Re: Ghost in the Shell (2017)
Regardless, the manga publishers gave their okay on this (and even said they didn't have a Japanese actress in mind for the Major anyway) and whether you believe them or not is up to you. To me, this particular film isn't a race issue but a star one.
And yet the evidence mounts up as a race issue, intentional or not. It is institutionalized and internalized in Hollywood. It's not a conscious thing they do, but something they have learned to do over almost 100 years because of how movies first started out.
https://www.facebook.com/Vox/videos/510428462478094/
The examples in that comment you linked are weak. People most certainly did voice their complaints over AoT's Japanese adaption, but there still remains a key difference between Japan and the United States: Japan is majority Japanese whereas the United States is ethnically diverse. In Japan it isn't exactly easy to find non-Japanese actors who speak Japanese fluently, and even when they do those actors tend to actually be foreigners they hired from government agencies across Japan who have taken in expats. These are usually people who have never acted a day in their lives but are hired because they are convenient and all they really have.
In the United States, there are plenty of Asian actors out there that only remain unknown for the fact that Hollywood doesn't hire them, and there is no excuse not to hire them.
The argument that ScarJo was hired to fill seats falls flat in my opinion because once upon a time ScarJo was not a known actress. Somebody had to give her a chance to play in a film for her to become famous. ScarJo doesn't even sell internationally.

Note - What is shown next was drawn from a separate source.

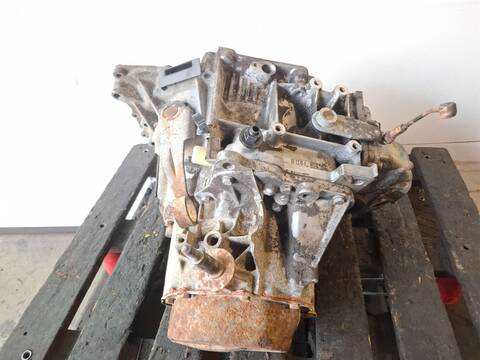 Foto 3ª: Caja Cambios Citroen C1 RD FAMILIALE 60CV (1986)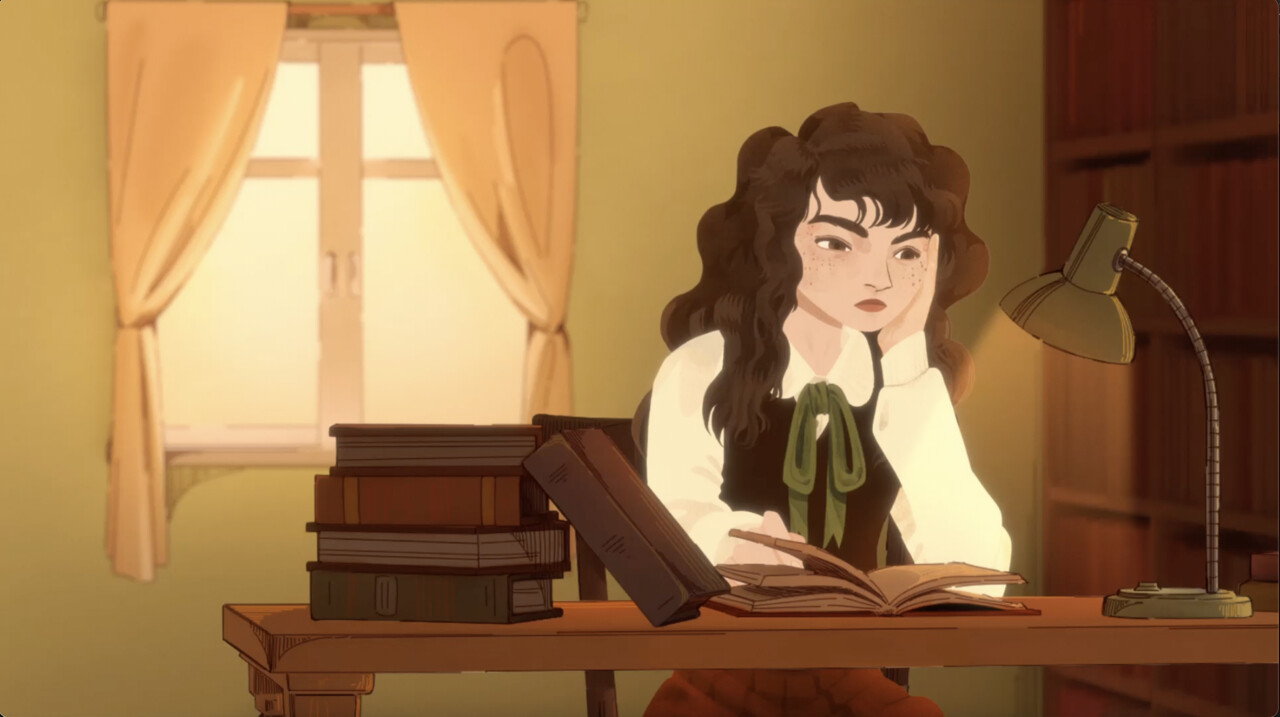 The Hidden Library screenshot #1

Besides the Marvel films, films she has been in did not have very strong international box-office numbers.
And think of all of the films that have 1) had Asian actors and 2) did not have box office names but became well known. Pacific Rim comes to mind instantly as one such film that did well despite not having the most famous actors out there to sell the film. Idris Elba certainly wasn't a seat filler at that time in his career, but after the film he definitely started growing in popularity.
"nothing about the plot is inherently japanese"
Ghost in the Shell was born of the era when Japan was the leading country for technology, and it plays into the idea of a futuristic Japan where cybercrime is one of the country's worst issues.
"Sure it took place in Japan, but so?"
So if I decided to adapt The Great Gatsby, but based it in 1920's India, that's cool? I mean, sure it took place in America, but so? That "dream" thing in the plot is not really inherently American.
"If you removed the name Mokogo Kusanagi, and called her by the name most people who watch the anime call her (Major) no one would know any better."
By changing her name, that essentially is erasing a part of who she is. She isn't just "the Major" but she IS Motoko Kusanagi. That is her name. That is her identity. She is a Japanese woman who has a cybernetic body. She grew up in Japan, lived in Japan, was Japanese in all ways except for the fact that her body was not organic.